START RECORD EXCERPTS

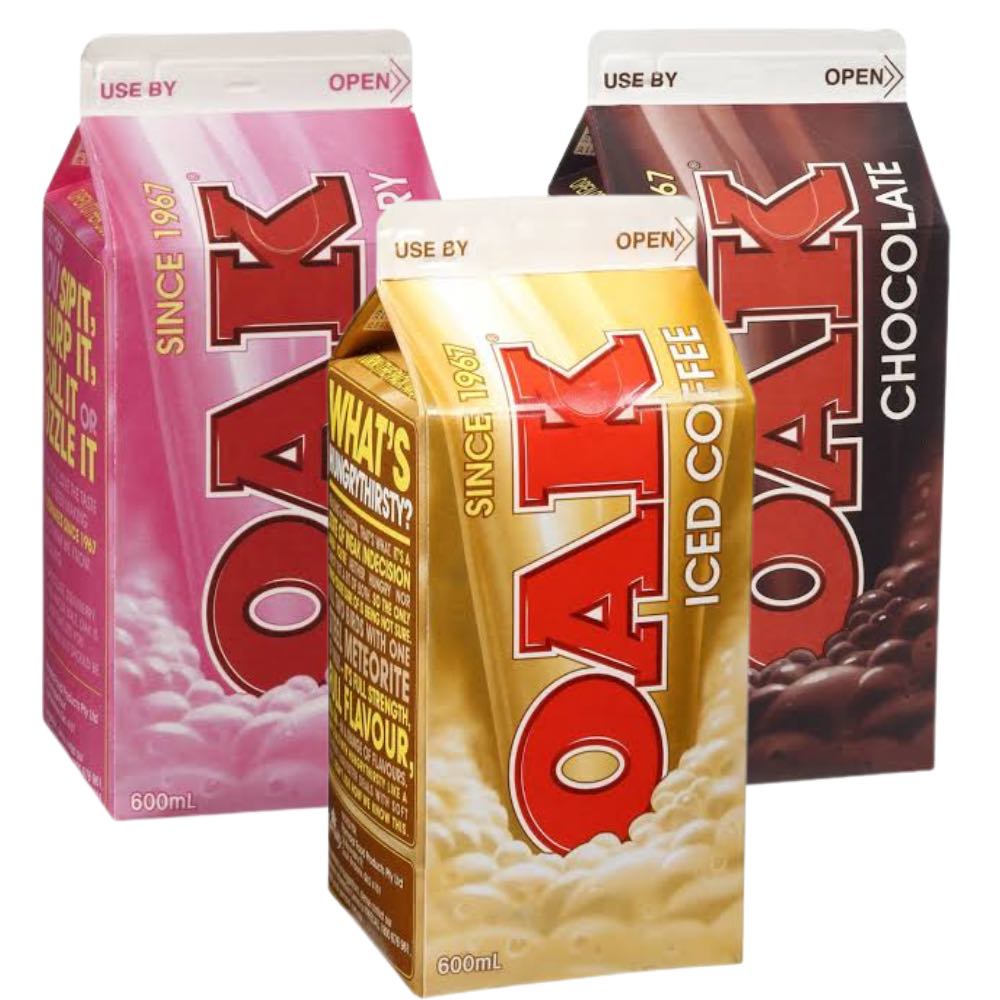 Oak Flavoured Milk (Carton) 600ml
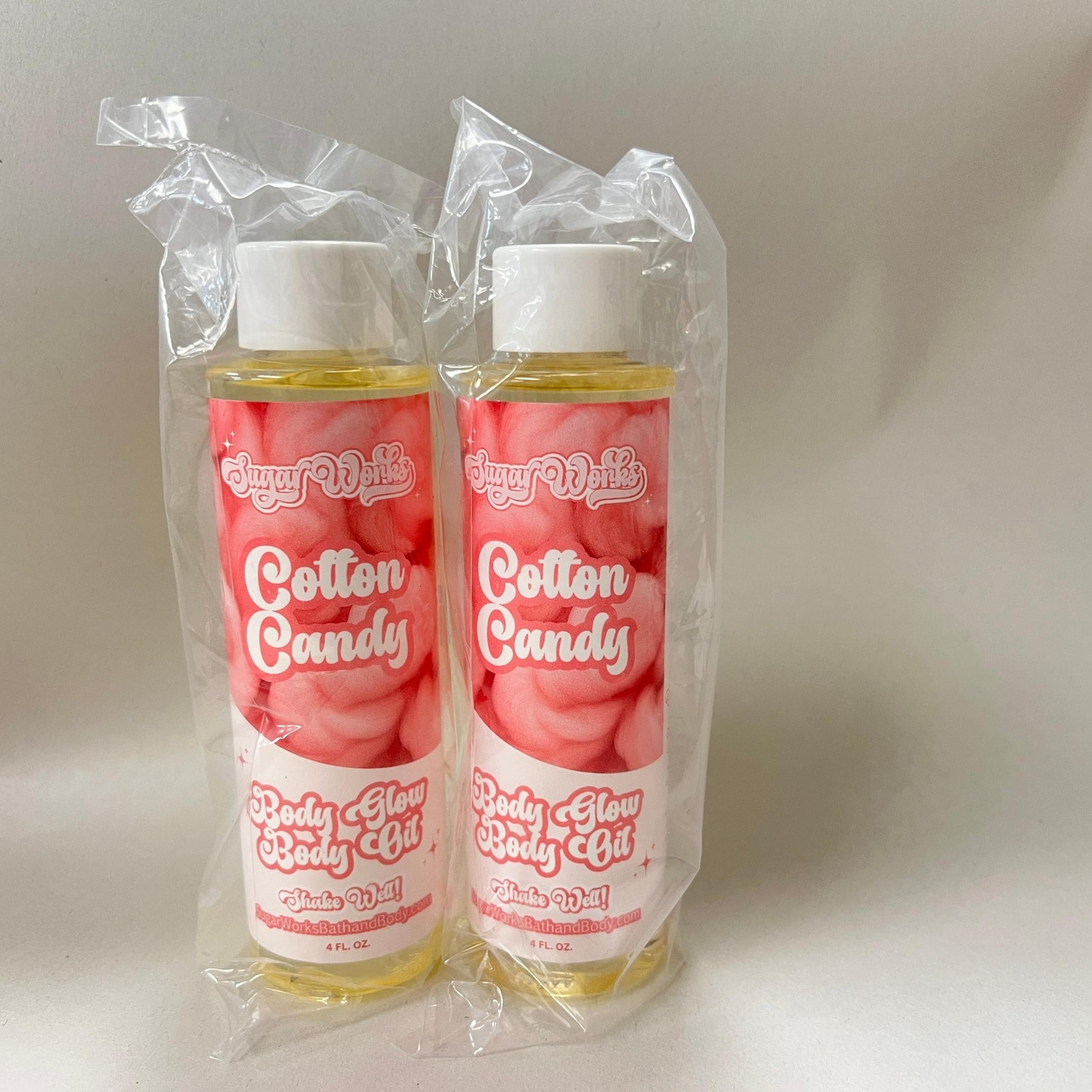SugarWorks Cotton Candy Nourishing Body Glow Oil 2 Pack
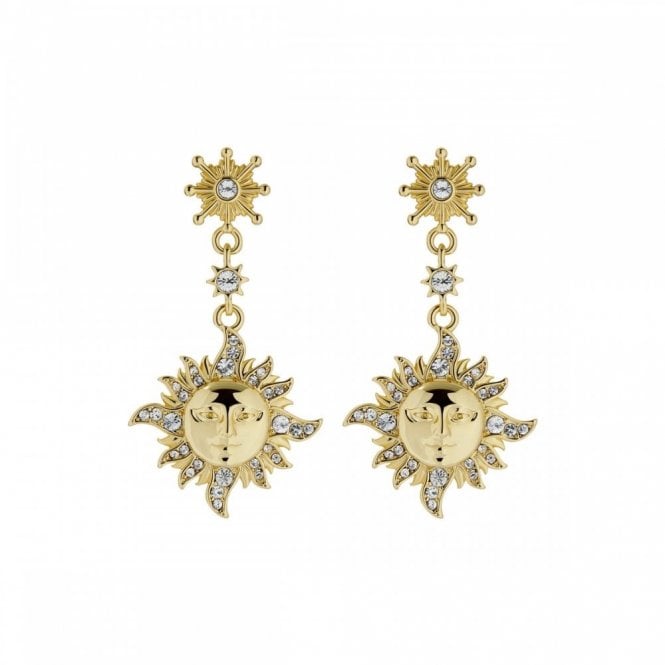 Ted Baker  Delest Sun & Moon CZ Drop Earrings 2.2 x 4.1cm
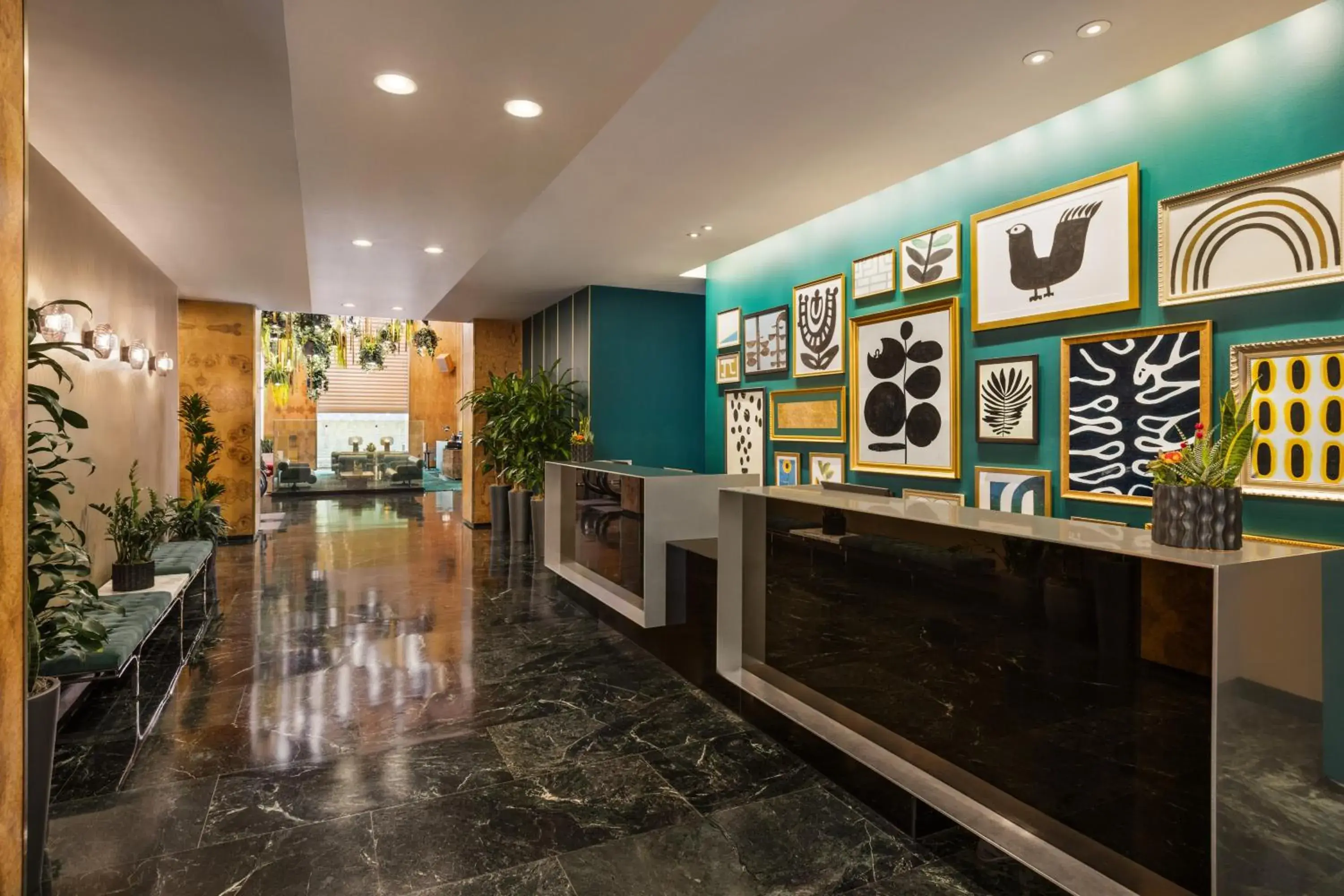 Lobby or reception in The Delphi Downtown LA Lobby or reception in The Delphi Downtown LA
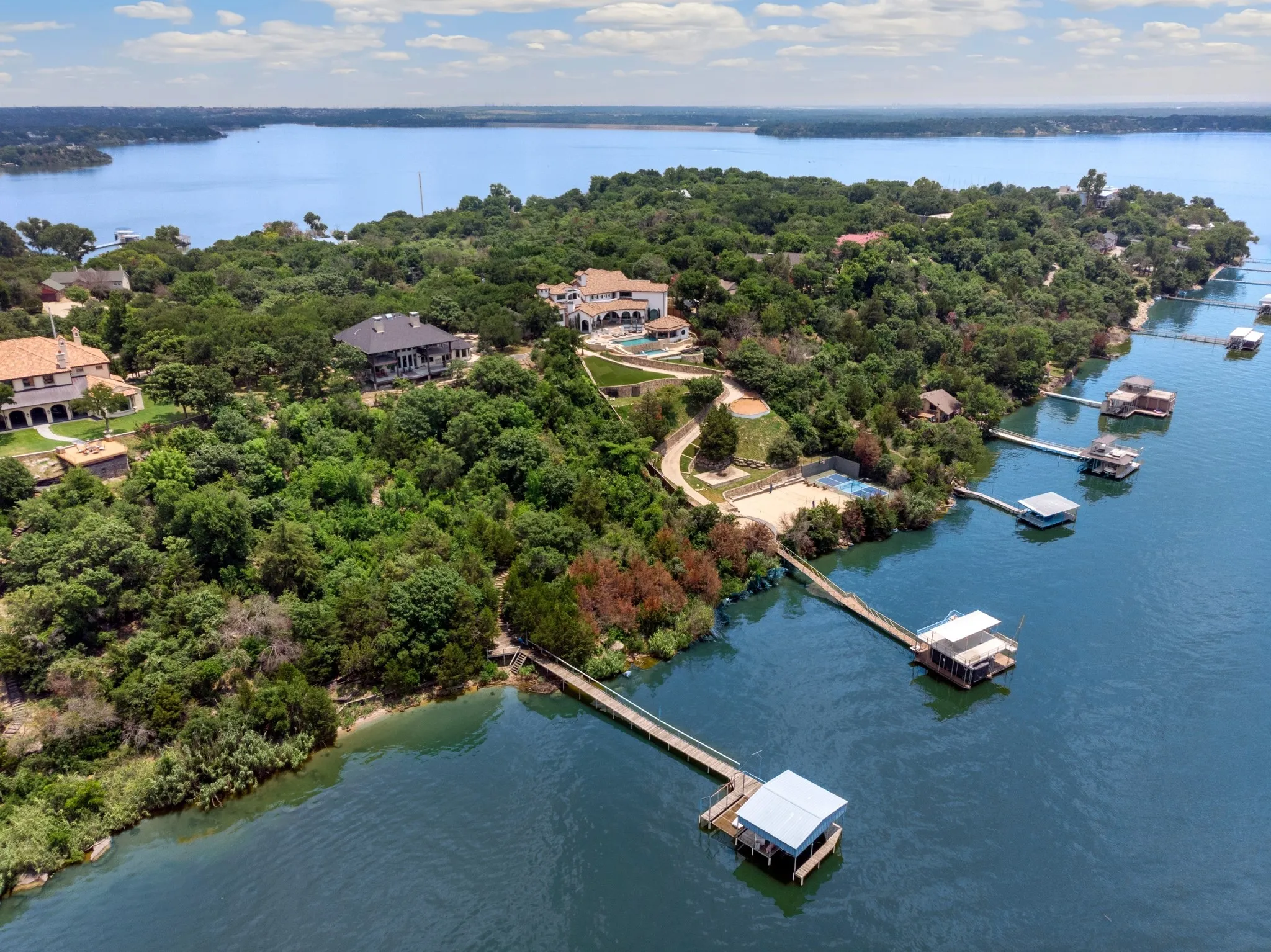 BOATHOUSE CAN FIT A BOAT AND SAILBOAT IF NEEDED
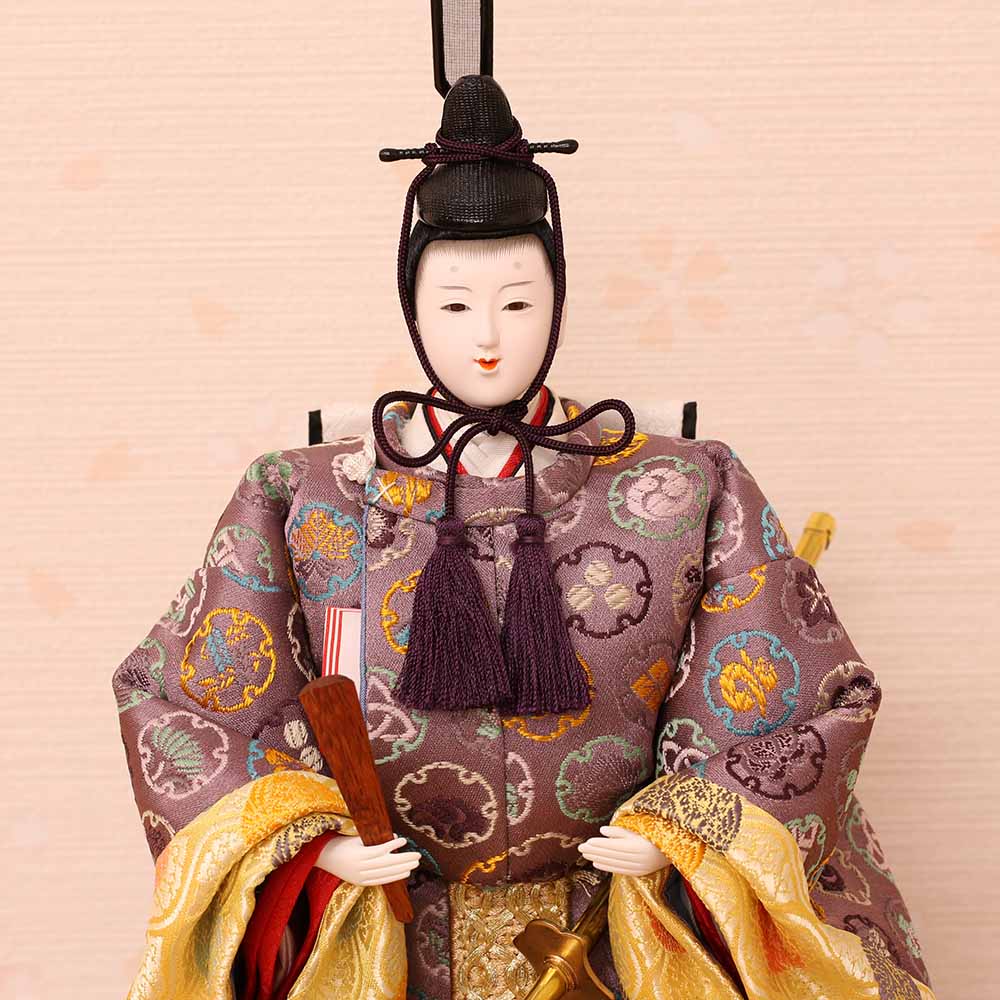 雛人形 久月×天祥 津田蓬生作 親王飾り 立雛 横幅70cm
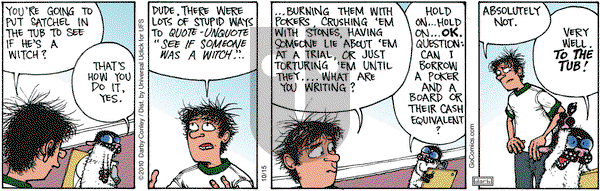 Get Fuzzy on Monday October 15, 2012 Comic Strip
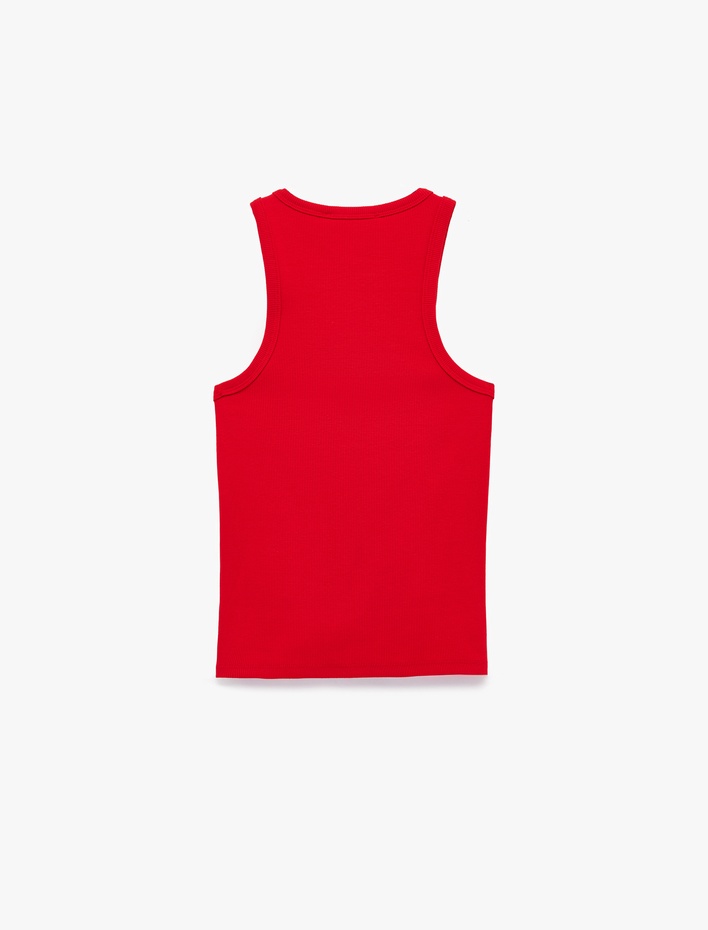  Pamuklu Bisiklet Yaka Fitilli Atlet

END RECORD EXCERPTS

#### WORK TO COMPLETE:
Beginning with the first line of the records above, extract each line exactly through the line that holds "Get Fuzzy on", both ends included. Omit pictures.

#### FINISHED TASK:
 Oak Flavoured Milk (Carton) 600ml
SugarWorks Cotton Candy Nourishing Body Glow Oil 2 Pack
 Ted Baker  Delest Sun & Moon CZ Drop Earrings 2.2 x 4.1cm
 Lobby or reception in The Delphi Downtown LA Lobby or reception in The Delphi Downtown LA
 BOATHOUSE CAN FIT A BOAT AND SAILBOAT IF NEEDED
 雛人形 久月×天祥 津田蓬生作 親王飾り 立雛 横幅70cm
 Get Fuzzy on Monday October 15, 2012 Comic Strip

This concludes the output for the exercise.